Responses to disturbance of supersonic shear layer: Input-output analysis

We investigate the perturbation dynamics in a supersonic shear layer using a combination of large-eddy simulations (LES) and linear-operator-based input-output analysis. The flow consists of two streams—a main stream (Mach 1.23) and a bypass stream (Mach 1.0)—separated by a splitter plate of nonnegligible thickness. We employ spectral proper orthogonal decomposition to identify the most energetic coherent structures and bispectral mode decomposition to explore the nonlinear energy cascade within the turbulent shear-layer flow. Structures at the dominant frequency are also obtained from a resolvent analysis of the mean flow. We observe higher gain at the dominant frequency in resolvent analysis, indicating the dominance of Kelvin-Helmholtz (KH) instability as the primary disturbance energy-amplification mechanism.
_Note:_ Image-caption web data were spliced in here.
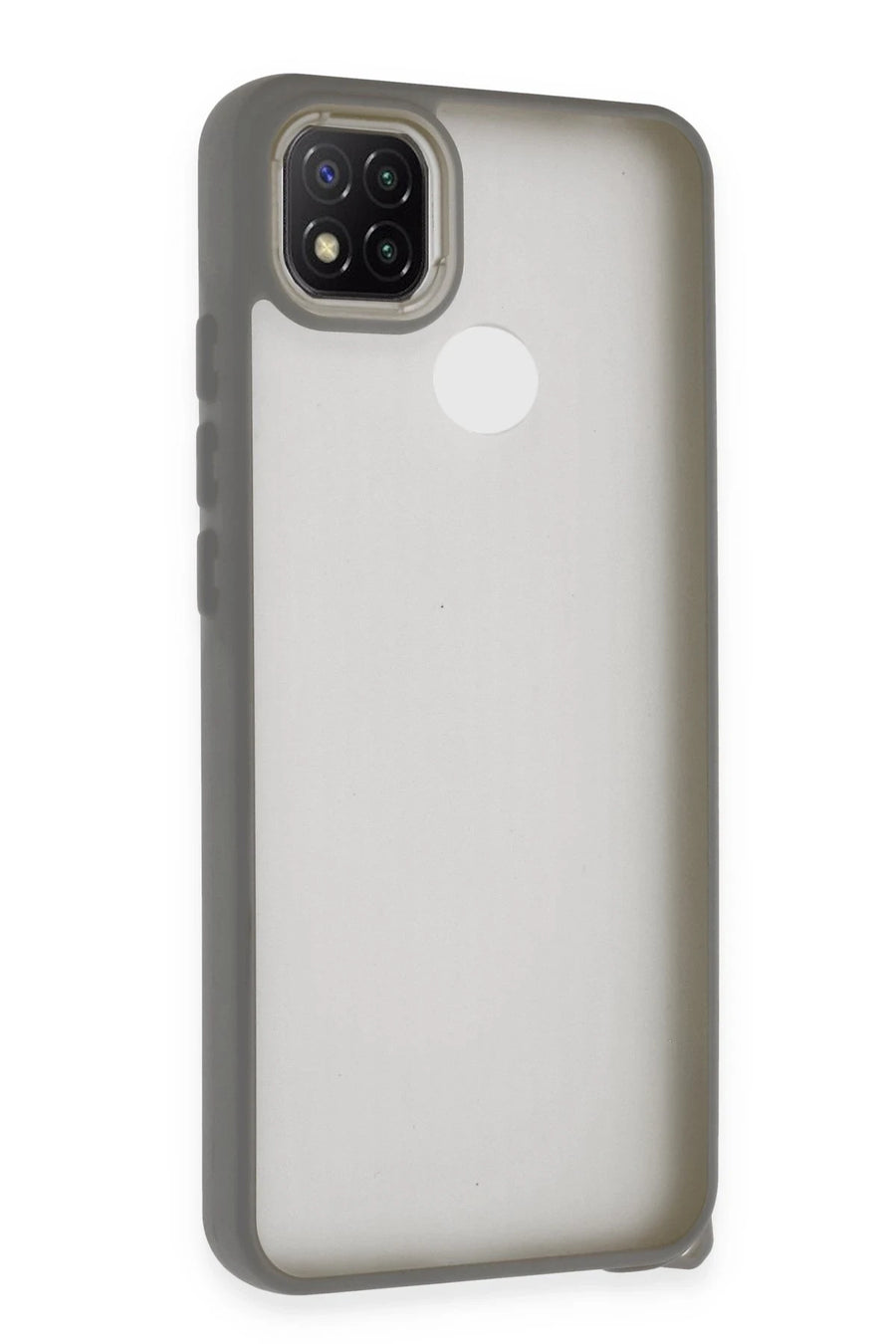 Newface Xiaomi Redmi 9C Kılıf Elegant Kapak - Titan Gri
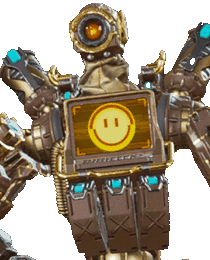 Glistened Pathfinder Apex Legends Skin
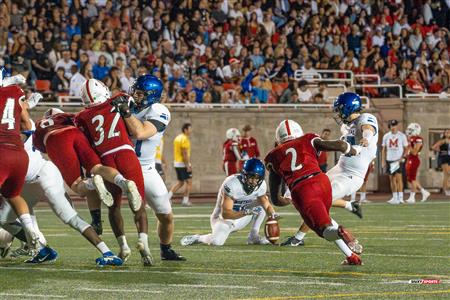 RSEQ 2024 Football - McGill Redbirds (8) vs (47) Université de Montréal Carabins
To focus on realizable actuator placement locations, we further conduct an input-output analysis by restricting a state variable and spatial location of an input and output. Various combinations of inputs and output indicate that the splitter plate trailing surface is the most sensitive location for introducing a perturbation. Upper and lower surface inputs are less influential in modulating wavepackets in the shear layer but introduce pressure instability waves in the main and bypass streams, respectively. The analysis reveals that the phase speed of pressure waves depends on the state variable and input location combination. For all combinations, the KH instability plays a key role in amplification, which reduces significantly as the input location is moved upstream relative to the splitter plate trailing edge. Furthermore, two-dimensional nonlinear simulations with unsteady input at the upper surface of the splitter plate show remarkable similarities between pressure modes obtained through dynamic mode decomposition and those predicted from linear input-output analysis at a given frequency. This study emphasizes the strength of linear analysis and demonstrates that predicted coherent structures remain active in highly nonlinear turbulent flow. The insights gained from the input-output analysis can be further leveraged to formulate practical flow control strategies.